WHAT THE EXERCISE ASKS: Word for word, restate the entries below from their first line through the line that contains "Photo of 7711 Trailing Oaks Drive".

[Start of Attachment]

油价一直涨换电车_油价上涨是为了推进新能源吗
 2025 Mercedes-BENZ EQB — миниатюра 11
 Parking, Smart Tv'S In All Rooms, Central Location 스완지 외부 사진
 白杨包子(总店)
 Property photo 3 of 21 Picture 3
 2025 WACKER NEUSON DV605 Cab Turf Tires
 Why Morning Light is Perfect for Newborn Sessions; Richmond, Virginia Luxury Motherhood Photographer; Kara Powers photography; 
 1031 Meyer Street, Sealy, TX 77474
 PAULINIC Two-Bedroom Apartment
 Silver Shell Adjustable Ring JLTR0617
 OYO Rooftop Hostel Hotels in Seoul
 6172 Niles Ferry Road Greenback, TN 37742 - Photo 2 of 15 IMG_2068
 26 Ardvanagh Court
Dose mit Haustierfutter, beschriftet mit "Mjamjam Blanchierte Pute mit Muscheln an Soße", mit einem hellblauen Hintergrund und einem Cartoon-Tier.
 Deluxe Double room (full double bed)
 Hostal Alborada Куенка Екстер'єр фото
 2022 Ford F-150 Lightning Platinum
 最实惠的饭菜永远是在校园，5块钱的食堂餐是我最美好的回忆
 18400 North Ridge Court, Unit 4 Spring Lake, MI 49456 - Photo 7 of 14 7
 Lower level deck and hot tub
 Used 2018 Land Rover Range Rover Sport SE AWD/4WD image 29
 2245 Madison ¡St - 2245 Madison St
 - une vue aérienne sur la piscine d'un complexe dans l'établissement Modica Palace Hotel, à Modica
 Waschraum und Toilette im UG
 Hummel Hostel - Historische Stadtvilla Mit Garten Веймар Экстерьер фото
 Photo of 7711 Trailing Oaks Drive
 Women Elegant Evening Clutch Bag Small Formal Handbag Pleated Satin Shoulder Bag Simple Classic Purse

[End of Attachment]

RESPONSE BOX:
油价一直涨换电车_油价上涨是为了推进新能源吗
 2025 Mercedes-BENZ EQB — миниатюра 11
 Parking, Smart Tv'S In All Rooms, Central Location 스완지 외부 사진
 白杨包子(总店)
 Property photo 3 of 21 Picture 3
 2025 WACKER NEUSON DV605 Cab Turf Tires
 Why Morning Light is Perfect for Newborn Sessions; Richmond, Virginia Luxury Motherhood Photographer; Kara Powers photography; 
 1031 Meyer Street, Sealy, TX 77474
 PAULINIC Two-Bedroom Apartment
 Silver Shell Adjustable Ring JLTR0617
 OYO Rooftop Hostel Hotels in Seoul
 6172 Niles Ferry Road Greenback, TN 37742 - Photo 2 of 15 IMG_2068
 26 Ardvanagh Court
Dose mit Haustierfutter, beschriftet mit "Mjamjam Blanchierte Pute mit Muscheln an Soße", mit einem hellblauen Hintergrund und einem Cartoon-Tier.
 Deluxe Double room (full double bed)
 Hostal Alborada Куенка Екстер'єр фото
 2022 Ford F-150 Lightning Platinum
 最实惠的饭菜永远是在校园，5块钱的食堂餐是我最美好的回忆
 18400 North Ridge Court, Unit 4 Spring Lake, MI 49456 - Photo 7 of 14 7
 Lower level deck and hot tub
 Used 2018 Land Rover Range Rover Sport SE AWD/4WD image 29
 2245 Madison ¡St - 2245 Madison St
 - une vue aérienne sur la piscine d'un complexe dans l'établissement Modica Palace Hotel, à Modica
 Waschraum und Toilette im UG
 Hummel Hostel - Historische Stadtvilla Mit Garten Веймар Экстерьер фото
 Photo of 7711 Trailing Oaks Drive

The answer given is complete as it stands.